Last autumn, the concordat was sold by politicians as a practical solution to waiting times: the NHS could use spare private health capacity, and patients would be treated sooner, at no cost. For elective care, the concordat says that NHS doctors and nurses can use spare operating theatres and facilities in private hospitals to treat more NHS patients more quickly.
For critical care, the NHS and private sector can transfer patients to and from each other, reducing the number of cancelled operations. In the newly created sector of “intermediate care” for the elderly, the NHS will work with the private and voluntary sectors to develop and provide improved preventative and rehabilitation services. Again, the Labour manifesto published in May repeated the pledge to make more use of spare capacity in the private sector in order to reduce waiting times. Most radical of all was the announcement of specially built “surgical units”, managed by the NHS or the private sector.

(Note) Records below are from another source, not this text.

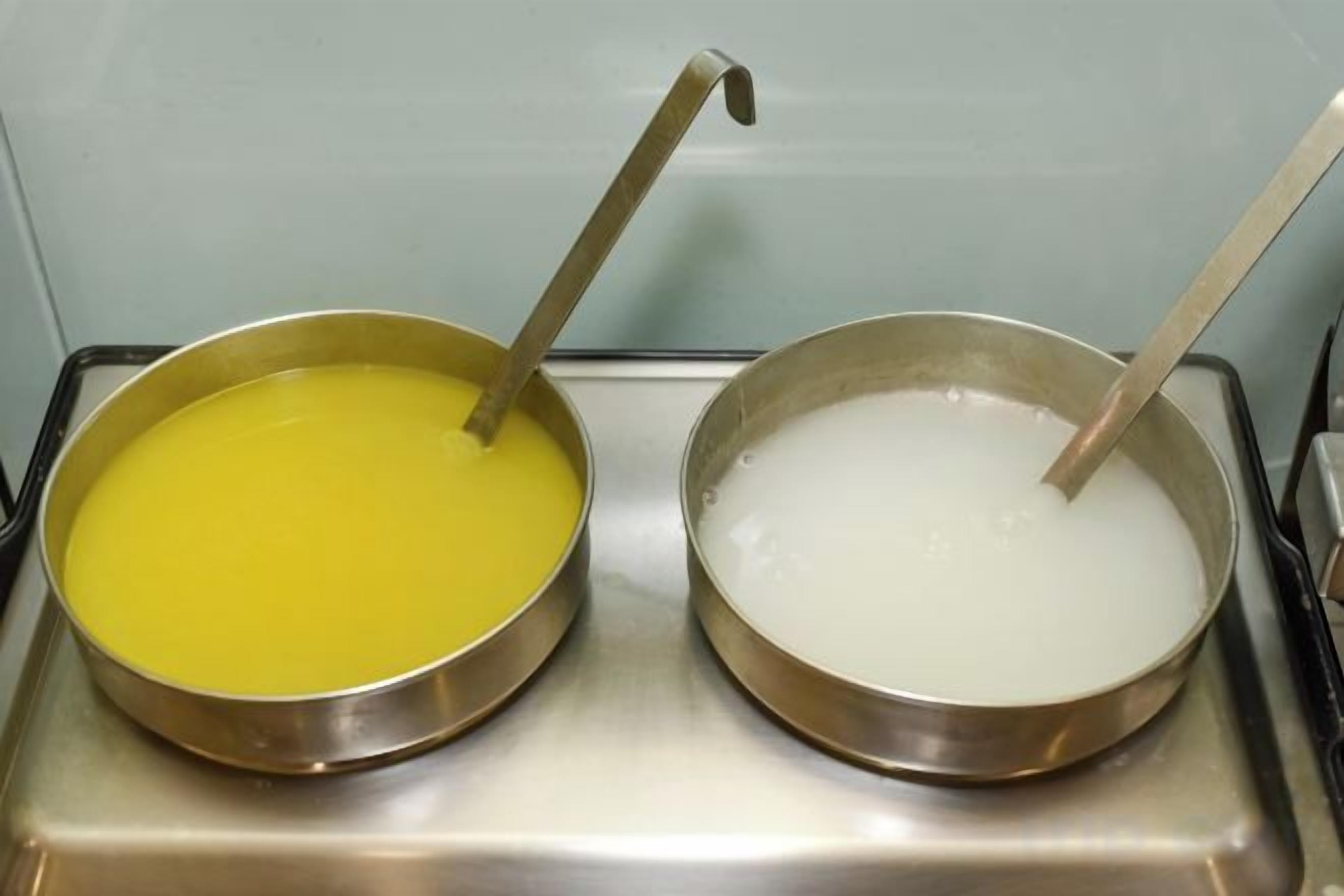 Två metallskålar står på en yta av rostfritt stål, den ena innehåller en gul vätska och den andra en vit vätska.
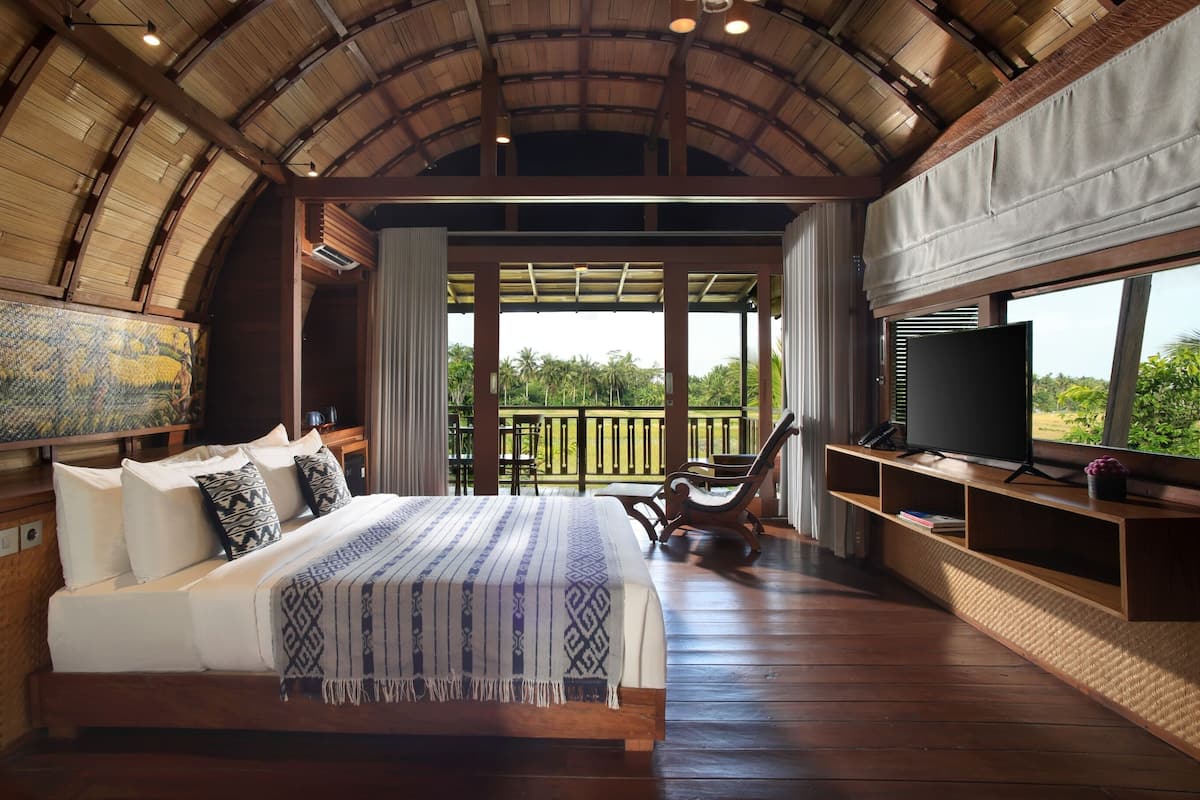 A spacious bedroom with a large bed, a TV, and a balcony with a view of the outdoors.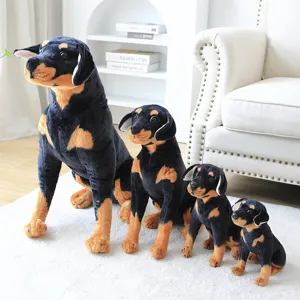 Detailed view of cute Rottweiler plush toy set featuring four sizes arranged in a cozy setting.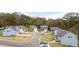 Charming new construction homes in a cul-de-sac with well-manicured lawns and sidewalks at 2201 Cormac St, East Point, GA 30344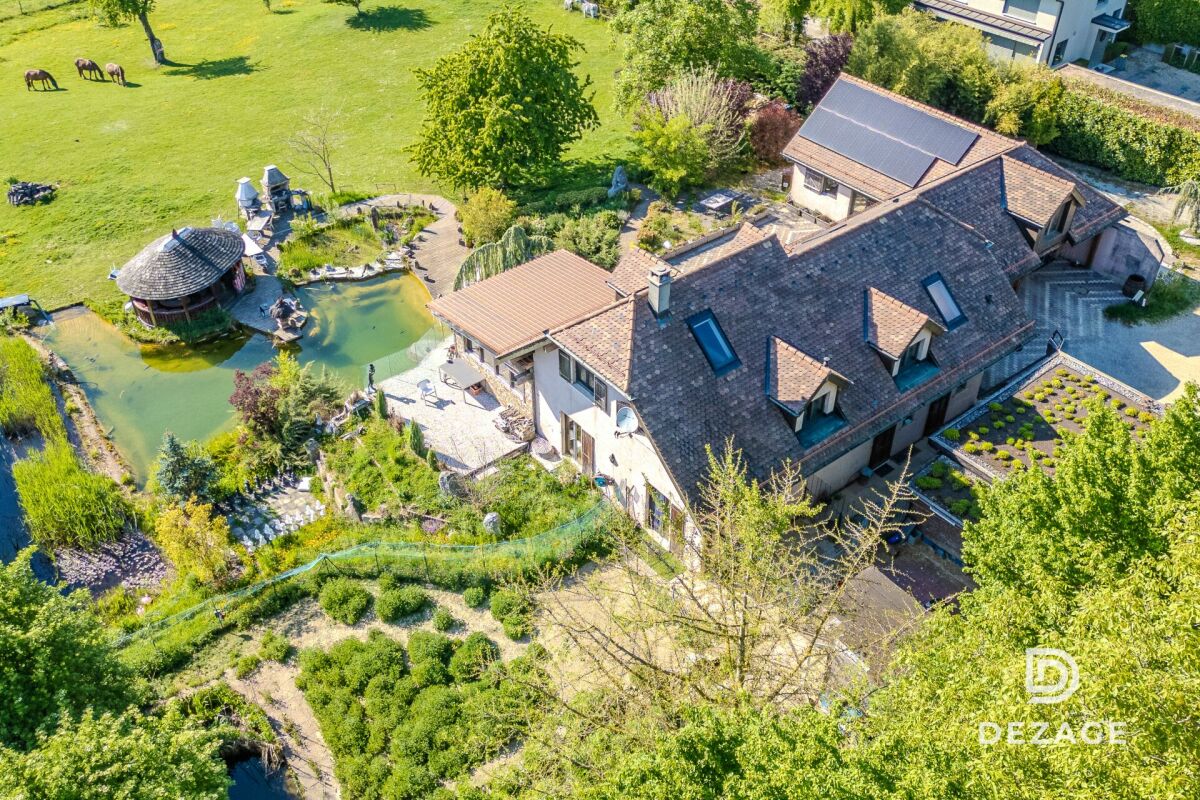 Luftaufnahme eines großen Hauses mit Garten und Teichanlage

Clause four of the Health and Social Care Act itself enables the government to form or “invest in and provide loans to” private companies, so there will be no need for the private sector even to pay for the facilities up front. This is even more controversial than the private finance initiative – under PFI, private money is used to build public hospitals, with the Treasury paying back with interest over 30 years. Under this new act, public money could be used to finance private hospitals. No wonder ministers are bracing themselves for confrontation. After their restraint during the election campaign, the unions are preparing for a fight.
The first signs of trouble emerged in June, when the Institute for Public Policy Research, said to be Tony Blair’s favourite think-tank, published a report calling for greater use of private sector expertise in the management of NHS hospitals.

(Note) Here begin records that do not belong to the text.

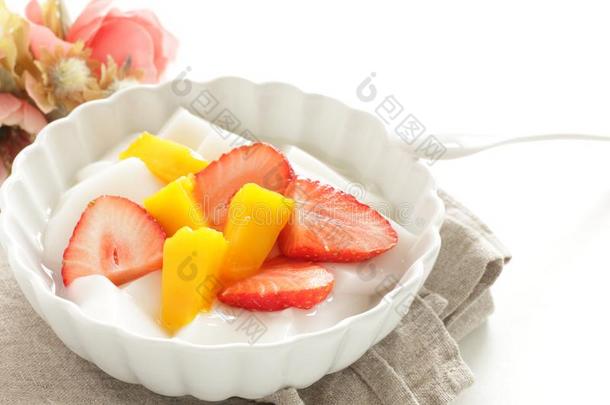 一半的将切开草莓和芒果向酸奶和茶水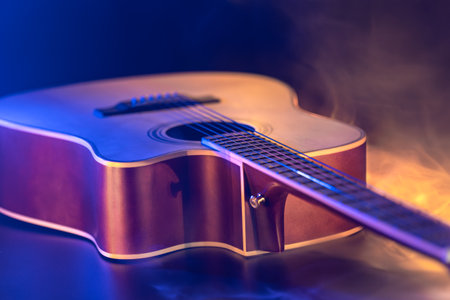 Close up of guitar and strings with shallow depth of field, soft focus.の写真素材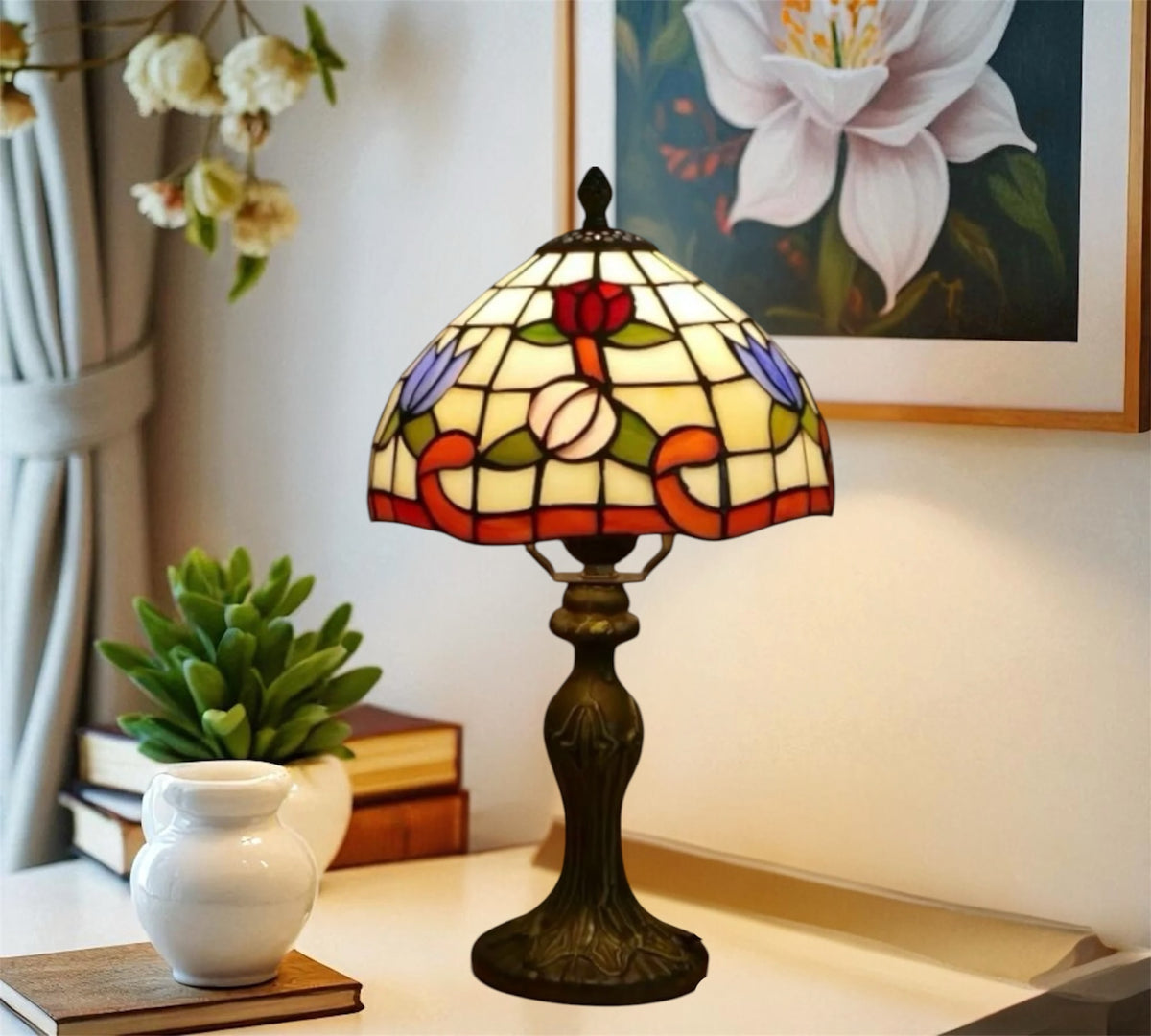 Stained glass table lamp with multicolor floral shade and dark metal base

John Prescott warned cabinet colleagues to expect trouble at the party conference unless they toned down such provocative talk. In June, after leaks from the IPPR report suggested wholesale privatisation, Milburn gave an interview to the Times saying that the NHS is not “up for sale”. Then, in July, Blair tried to mollify the unions over dinner at 10 Downing Street. However, although he secured their agreement not to disclose the menu, he failed to appease those unions whose members’ jobs are most at stake. The GMB announced that it would withhold £250,000 from its planned £650,000 donation to the Labour Party this year, and for the next three years, to fund a campaign against greater involvement of the private sector in public services.
In the same week as the dinner at No 10, Milburn made a conciliatory speech to the NHS Confederation, praising the public service ethos of the NHS and claiming he was looking for a new relationship with the private sector, “not a takeover”. Unison was unmoved. “We believe the private sector should not be allowed to profit from essential services,” Dave Prentis, the general secretary, said in response.

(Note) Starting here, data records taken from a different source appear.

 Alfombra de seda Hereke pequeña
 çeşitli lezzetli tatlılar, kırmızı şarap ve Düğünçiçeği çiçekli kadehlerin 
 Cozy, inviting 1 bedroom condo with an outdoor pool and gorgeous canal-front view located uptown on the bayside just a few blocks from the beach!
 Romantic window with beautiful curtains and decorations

The TUC has issued a General Council statement on the future of public services that is likely to set the tone of debate at the forthcoming conferences: the TUC will campaign to “rebuild the public sector ethos and harness the enthusiasm and commitment of public service workers to the need for the improvement in services. The private sector must not become central to the programme of reform.” The TUC will also seek a “grown-up dialogue” with the government on the way forward.
As its first inquiry of the new parliament, the House of Commons health select committee has chosen the role of the private sector in the NHS. It will examine the NHS concordat with the private and voluntary sectors; the private finance initiative; and public-private partnerships. The first witness, on Wednesday 24 October at 4pm, in committee room 15, will be Alan Milburn. He should not expect an easy ride.